**Exercise data:**
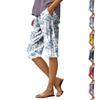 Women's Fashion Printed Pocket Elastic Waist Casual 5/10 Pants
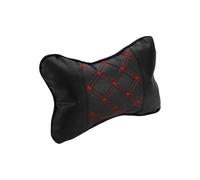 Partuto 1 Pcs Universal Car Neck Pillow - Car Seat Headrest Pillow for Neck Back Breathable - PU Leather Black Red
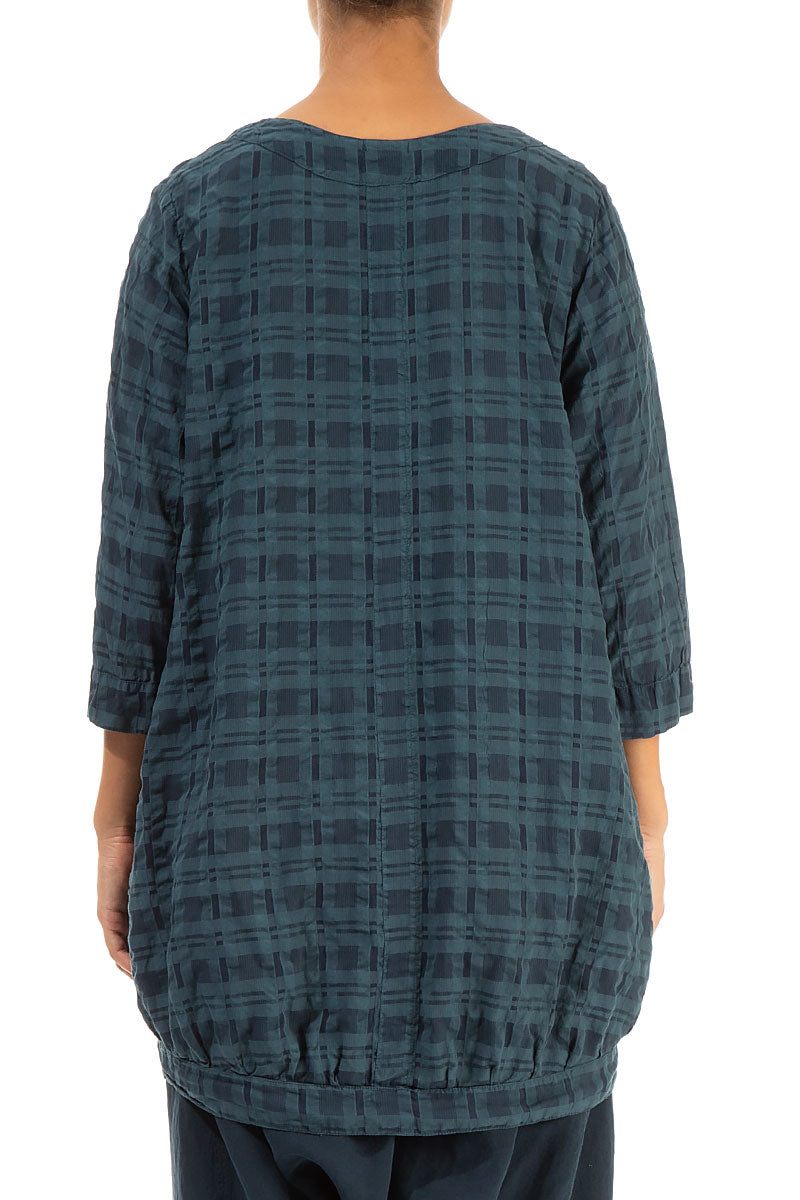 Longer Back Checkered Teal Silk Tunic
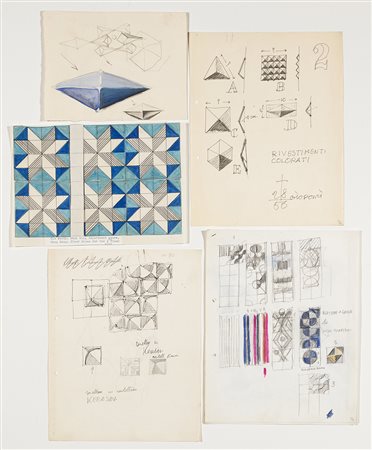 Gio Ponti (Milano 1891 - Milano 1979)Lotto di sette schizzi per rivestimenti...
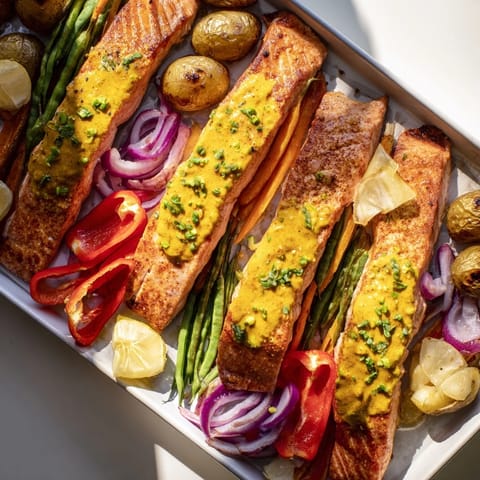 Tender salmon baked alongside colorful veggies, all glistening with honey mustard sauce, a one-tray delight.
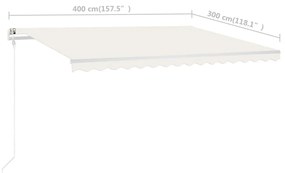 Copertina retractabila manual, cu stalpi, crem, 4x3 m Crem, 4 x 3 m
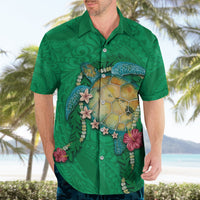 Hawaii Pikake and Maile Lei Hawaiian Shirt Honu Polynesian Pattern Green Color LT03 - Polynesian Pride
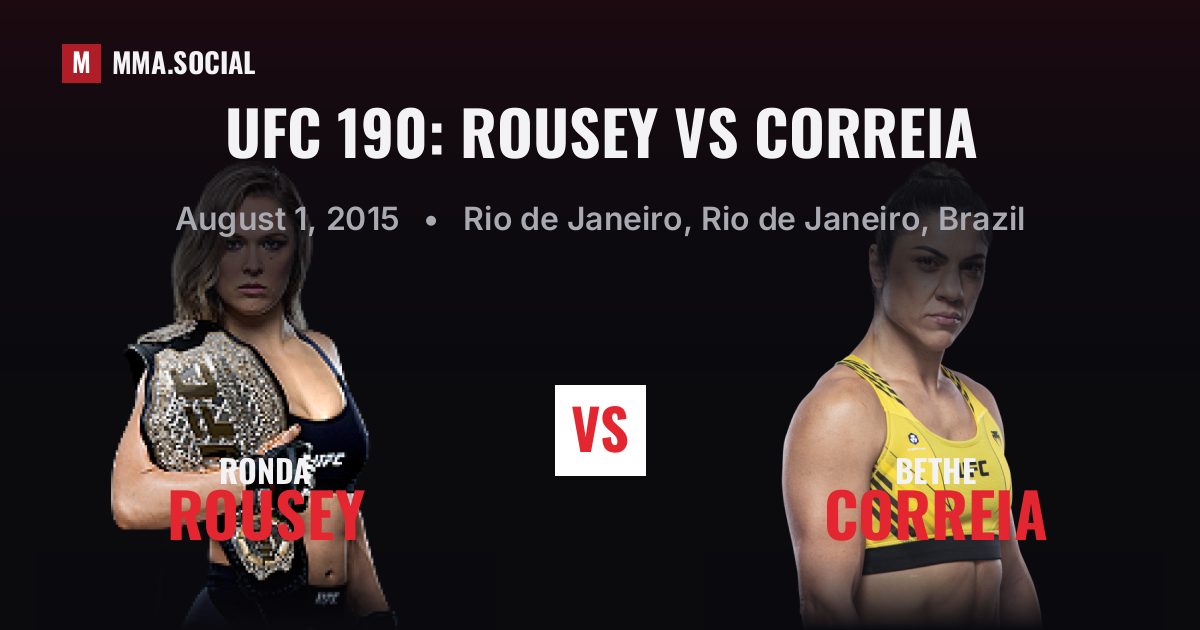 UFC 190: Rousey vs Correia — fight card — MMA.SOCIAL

==

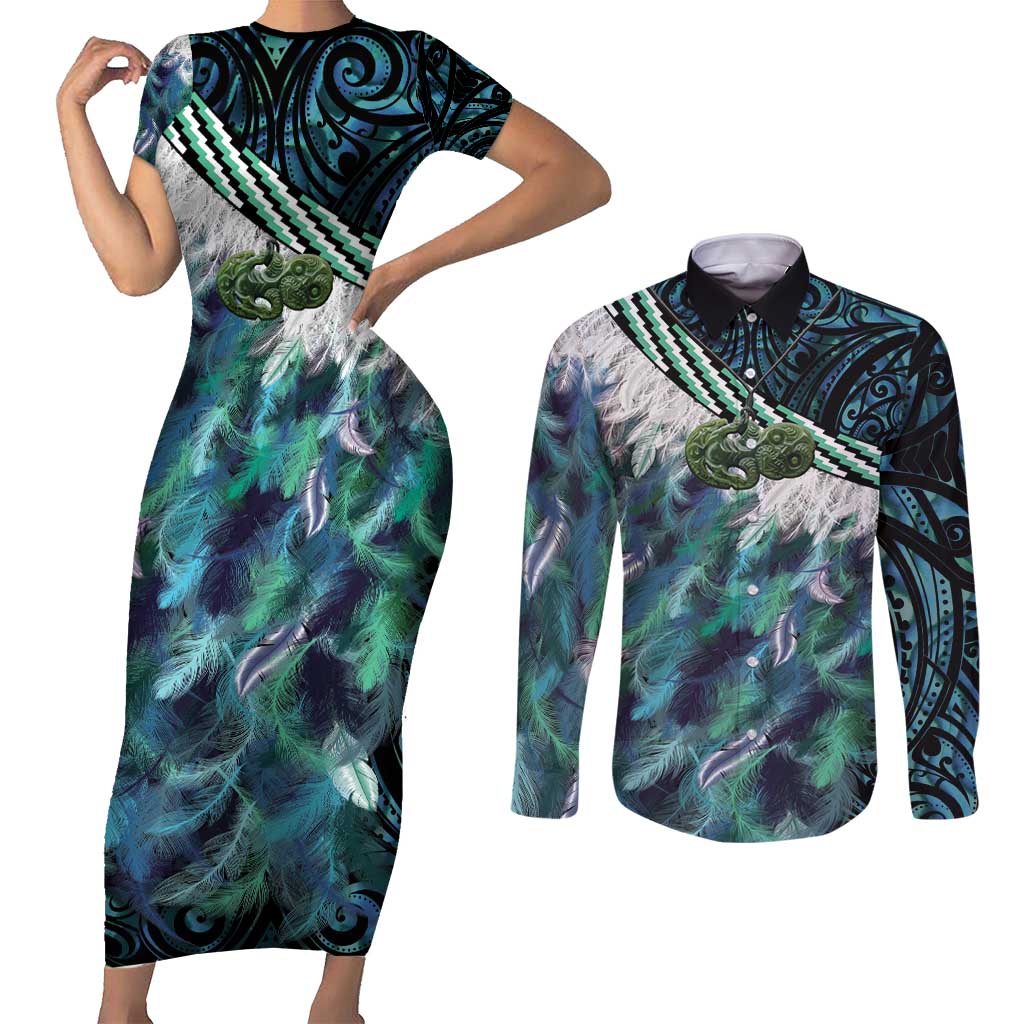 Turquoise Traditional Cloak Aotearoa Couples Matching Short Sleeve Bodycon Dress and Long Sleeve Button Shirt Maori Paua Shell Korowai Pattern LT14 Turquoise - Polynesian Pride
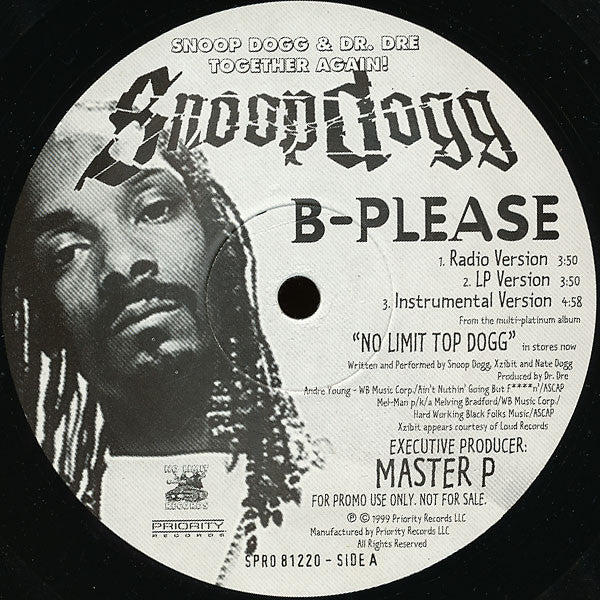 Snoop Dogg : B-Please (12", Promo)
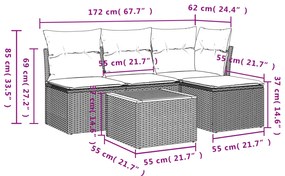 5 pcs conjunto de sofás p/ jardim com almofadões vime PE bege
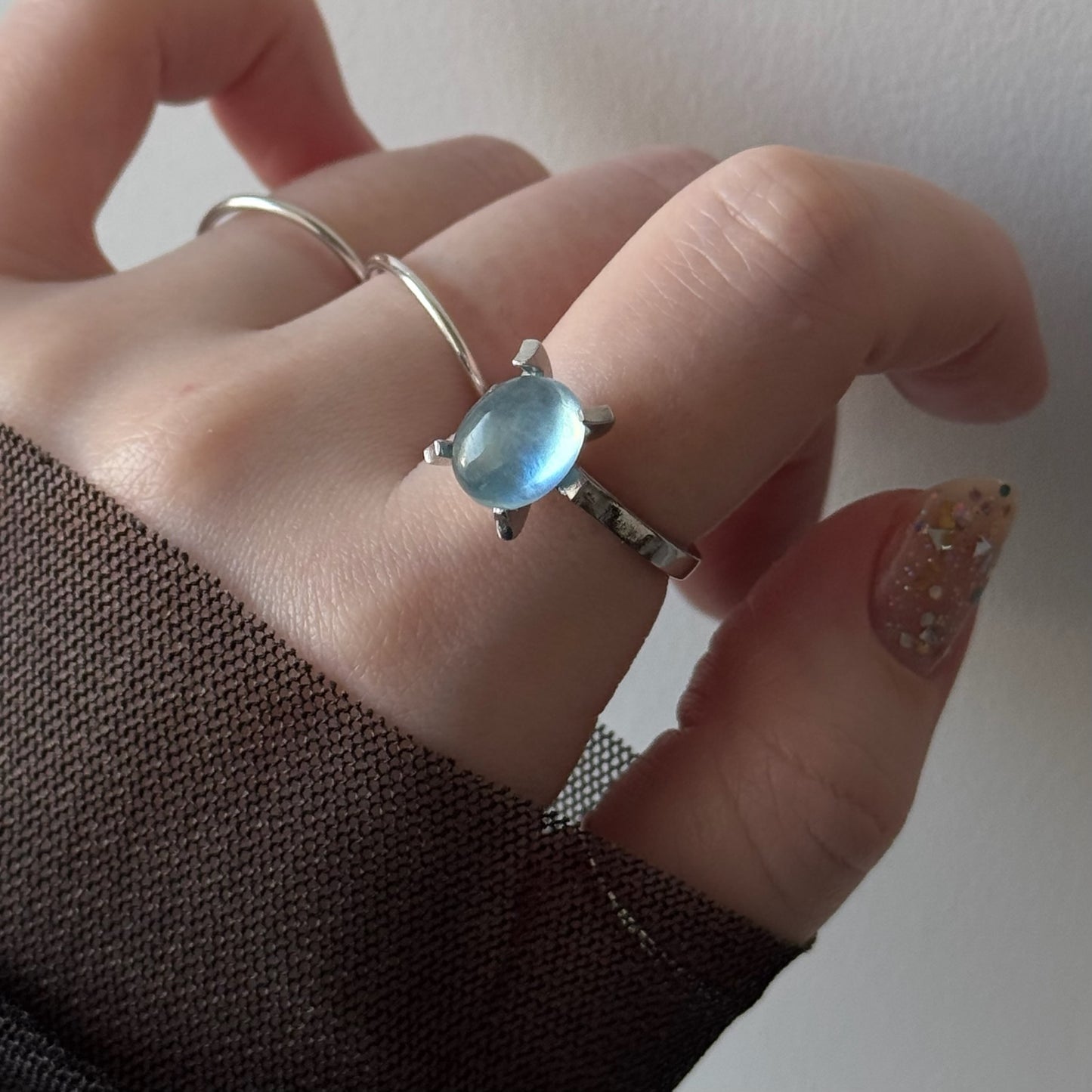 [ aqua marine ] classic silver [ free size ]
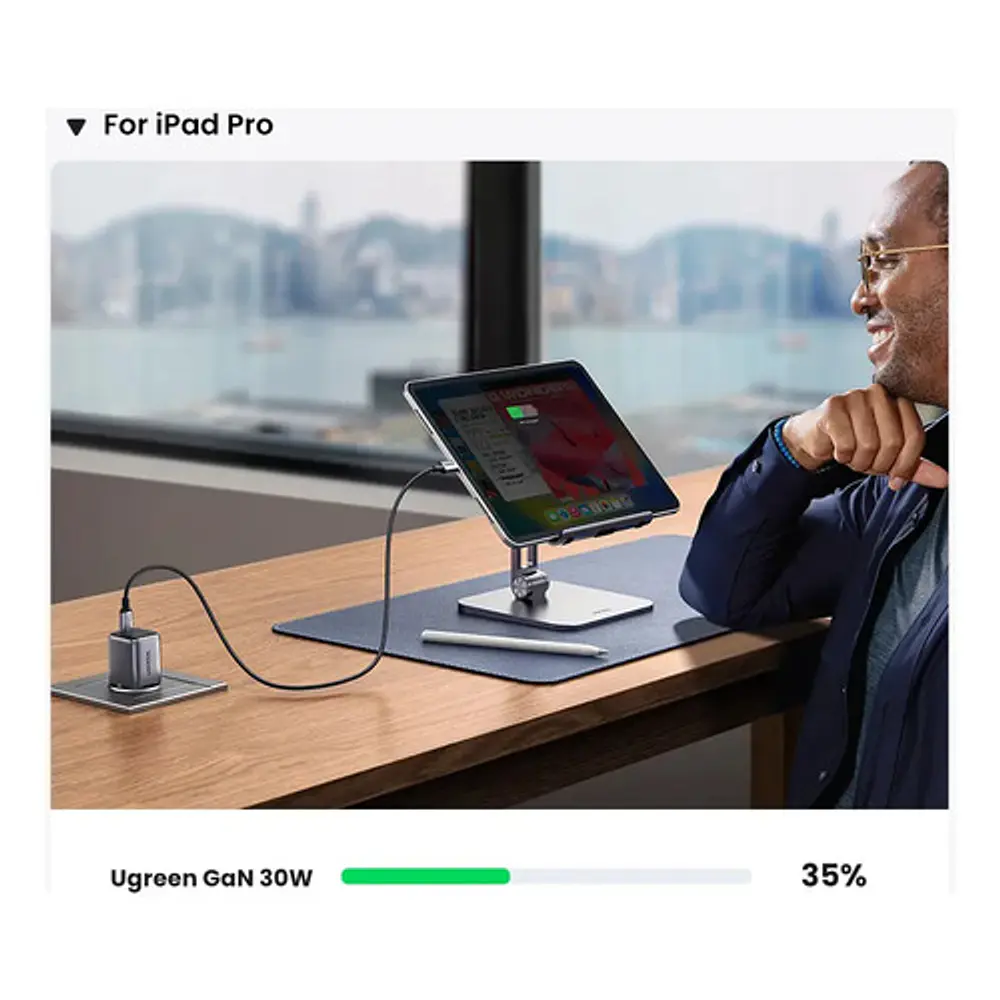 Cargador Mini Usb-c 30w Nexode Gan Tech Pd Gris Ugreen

---

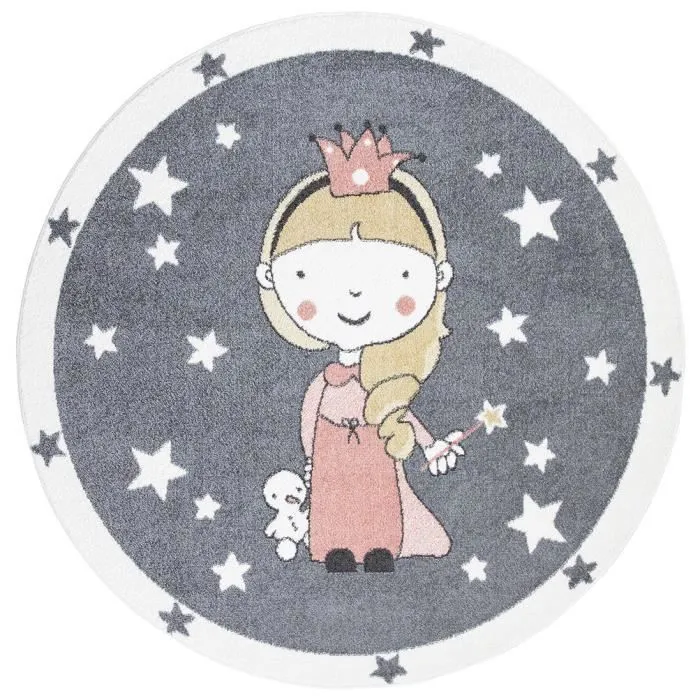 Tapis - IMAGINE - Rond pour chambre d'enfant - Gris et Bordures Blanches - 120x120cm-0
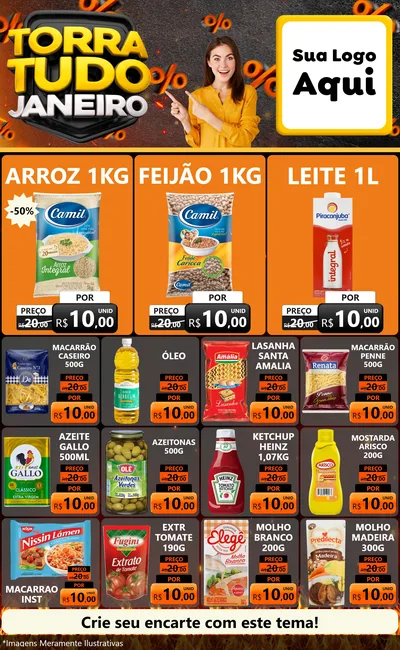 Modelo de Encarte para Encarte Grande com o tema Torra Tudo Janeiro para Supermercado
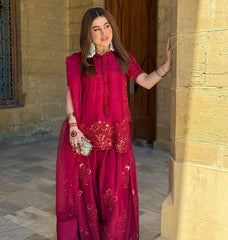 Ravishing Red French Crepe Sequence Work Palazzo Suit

**Try it:** Copy back exactly the lines above from the one containing "Women's Fashion Printed" through the one containing "UFC 190: Rousey", and leave every picture behind.

**Result below:**
 Women's Fashion Printed Pocket Elastic Waist Casual 5/10 Pants
 Partuto 1 Pcs Universal Car Neck Pillow - Car Seat Headrest Pillow for Neck Back Breathable - PU Leather Black Red
 Longer Back Checkered Teal Silk Tunic
 Gio Ponti (Milano 1891 - Milano 1979)Lotto di sette schizzi per rivestimenti...
 Tender salmon baked alongside colorful veggies, all glistening with honey mustard sauce, a one-tray delight.
 Copertina retractabila manual, cu stalpi, crem, 4x3 m Crem, 4 x 3 m
 Hawaii Pikake and Maile Lei Hawaiian Shirt Honu Polynesian Pattern Green Color LT03 - Polynesian Pride
 UFC 190: Rousey vs Correia — fight card — MMA.SOCIAL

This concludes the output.